Organize AGV tire tread groove design from the perspectives of size and drive configuration, and examine its relationship with initial slip at start-up.

Premise

Initial slip at start-up is a phenomenon in which the surface slides before static friction fully develops.

Governing factors
• μ
• Drive wheel load N
• Starting torque
• Contact length

Tread grooves are a factor that modifies μ.
Drive configuration is a factor that determines N.

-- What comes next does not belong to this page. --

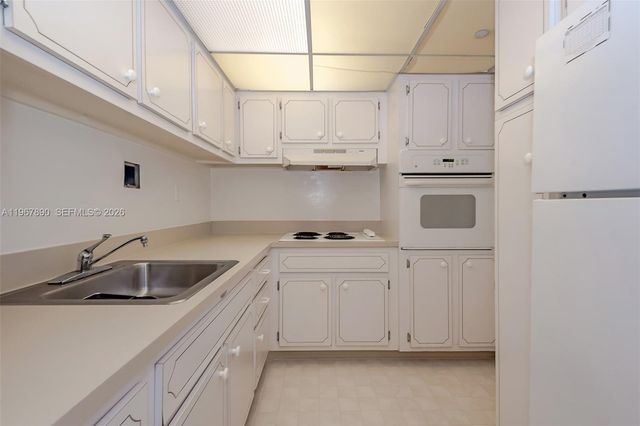 1200 West Ave 508, Miami Beach, FL 33139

These must be considered separately.

Design by Size

Small diameter (φ100–150)

• Short contact length
• Edge count tends to be insufficient
→ Fine pitch (2–3 mm)
→ Depth 0.3–0.6 mm

Medium diameter (φ150–300)

• High design flexibility
→ Pitch 3–5 mm
→ Depth 0.5–0.8 mm
→ Combination of lateral and diagonal grooves

Large diameter (φ300 and above)

• Long shear distance
• Attention to block deformation
→ Pitch 4–8 mm
→ Depth within 0.5–1.0 mm

Groove depth should remain within 10–20% of tread thickness.

Drive Wheels

4-wheel Front-Wheel Drive

Front wheel load decreases during acceleration.

High slip risk.

Drive wheels
• Lateral-groove based pattern
• Pitch 2–4 mm
• Even shallow grooves require high edge density

Non-drive wheels
• Wear prioritized
• Shallow grooves acceptable

FWD is a configuration with high dependence on groove design.

4-wheel Rear-Wheel Drive

Rear wheel load increases during acceleration.

Start-up tends to be stable.

Drive wheels
• Pitch 3–5 mm
• Lateral plus mild diagonal

Excessively fine grooves are unnecessary.

6-wheel Center Two-Wheel Drive

Load is distributed at rest.
Only the center wheels are driven.

Center wheels may lift on uneven floors.

This configuration is most prone to slip.

Center wheels
• Reinforced lateral grooves
• Pitch 2–4 mm
• Depth 0.5–0.8 mm
• Ensure sufficient edge count

Front and rear wheels
• Shallow grooves
• Wear prioritized

For center drive, groove design alone is often insufficient.

Constraints of PU Material

• Deep grooves are prone to chipping
• Sharp V-shaped bottoms become crack initiation points
• Block widths below 3 mm are unstable

It is safer to increase groove density rather than groove depth.

Summary

Slip limit
Maximum driving force = μ × N

Grooves modify μ.
Drive configuration determines N.

Small diameter + front-wheel drive + center drive
This combination shows high dependence on groove design.

Large diameter + rear-wheel drive
Groove influence is relatively smaller.

Groove design must be redefined according to the combination of size and drive configuration.